## Activity:
The required output is the exact run of lines in the listing below from the line holding "Casa Vitoria Guest House エヴォラ エクステリア 写真" through the line holding "Nên kết hợp", with no pictures.

## Data to use:
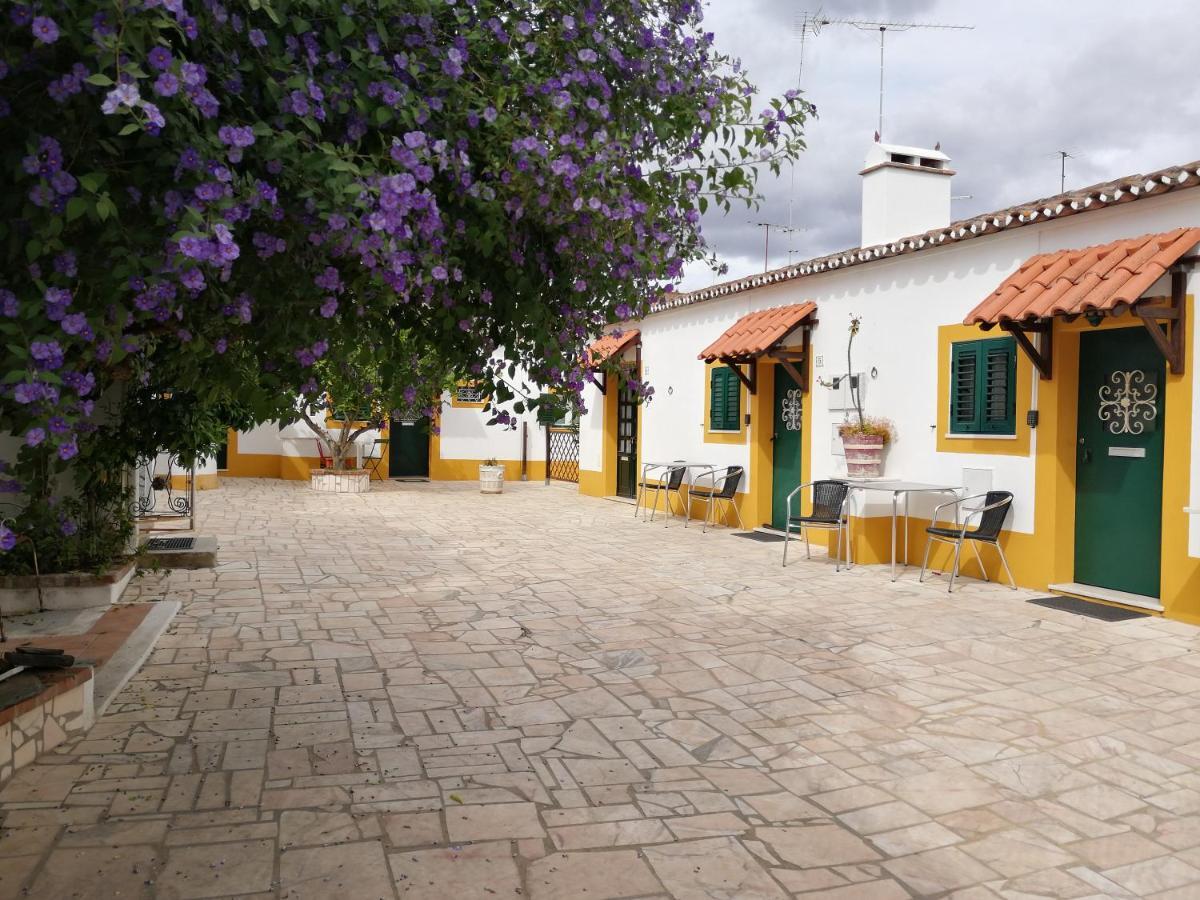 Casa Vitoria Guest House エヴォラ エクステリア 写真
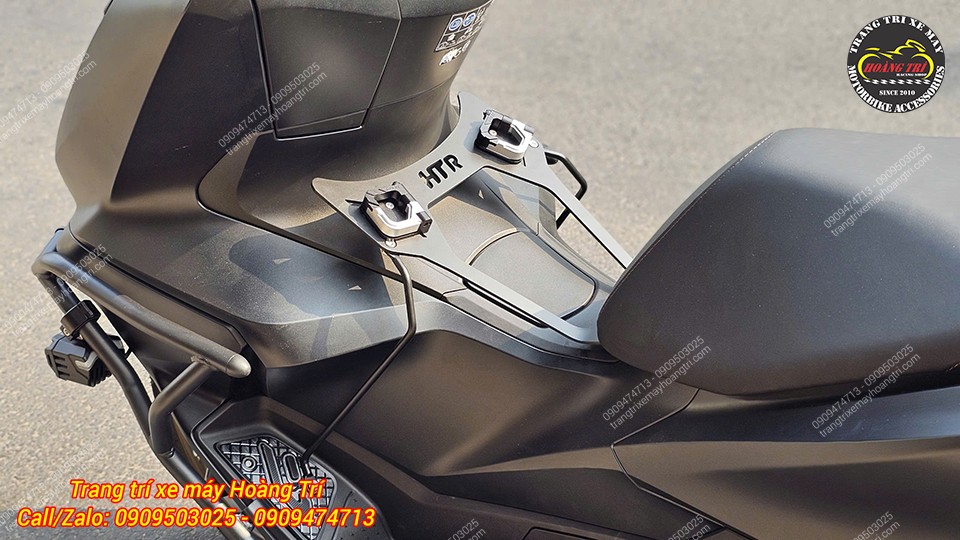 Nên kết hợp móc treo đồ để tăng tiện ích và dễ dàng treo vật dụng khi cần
...
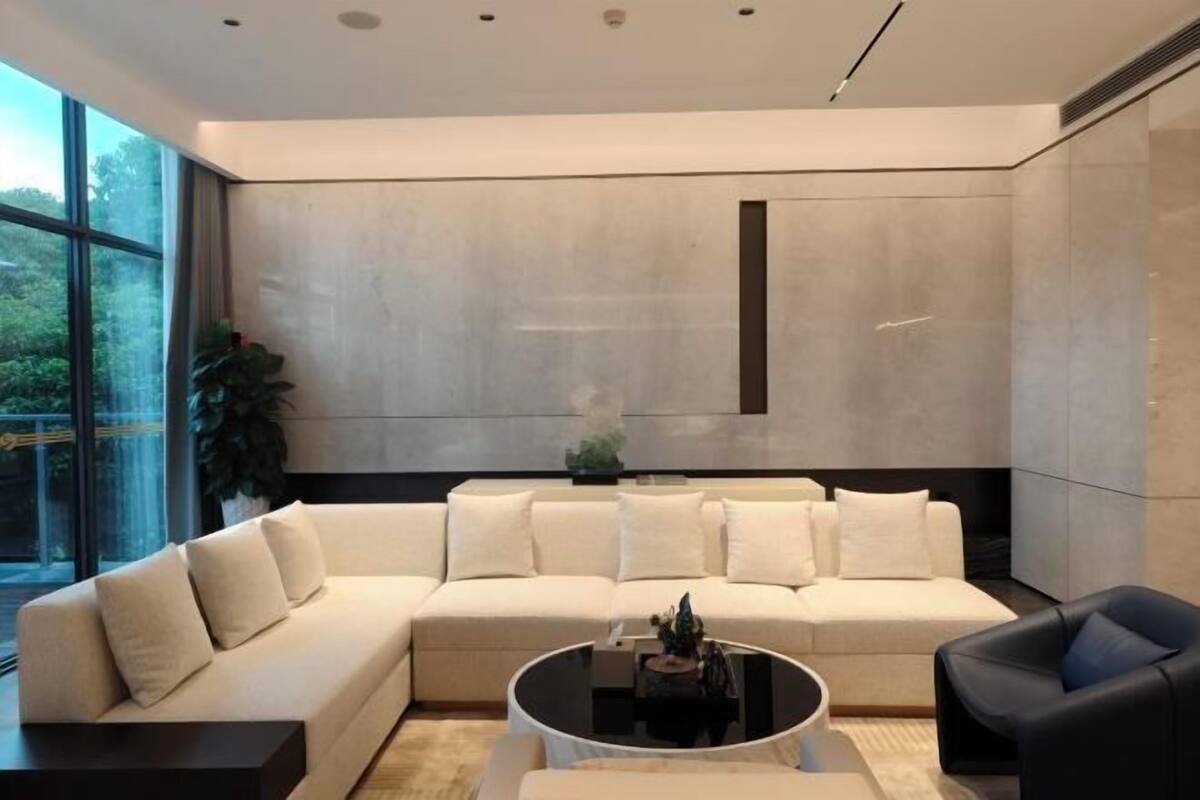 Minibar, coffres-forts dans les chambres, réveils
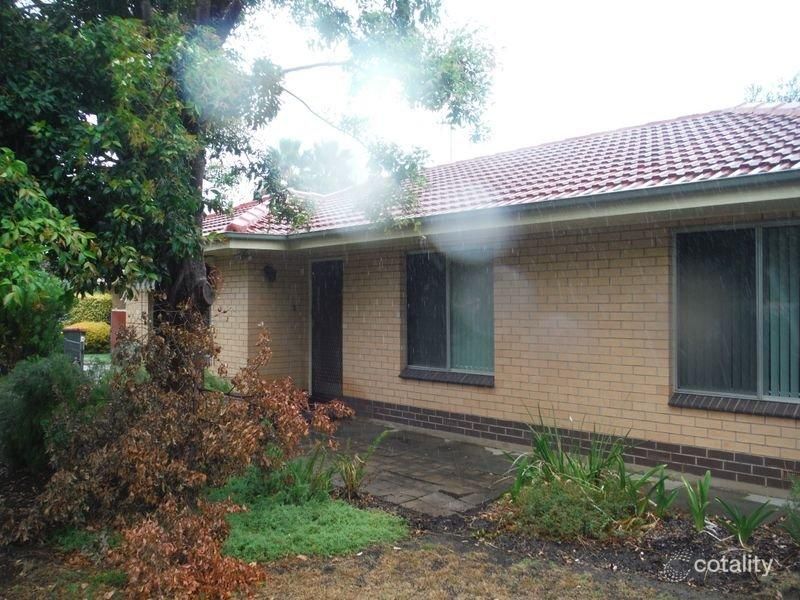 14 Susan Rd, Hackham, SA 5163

## Task output:
 Casa Vitoria Guest House エヴォラ エクステリア 写真
 Nên kết hợp móc treo đồ để tăng tiện ích và dễ dàng treo vật dụng khi cần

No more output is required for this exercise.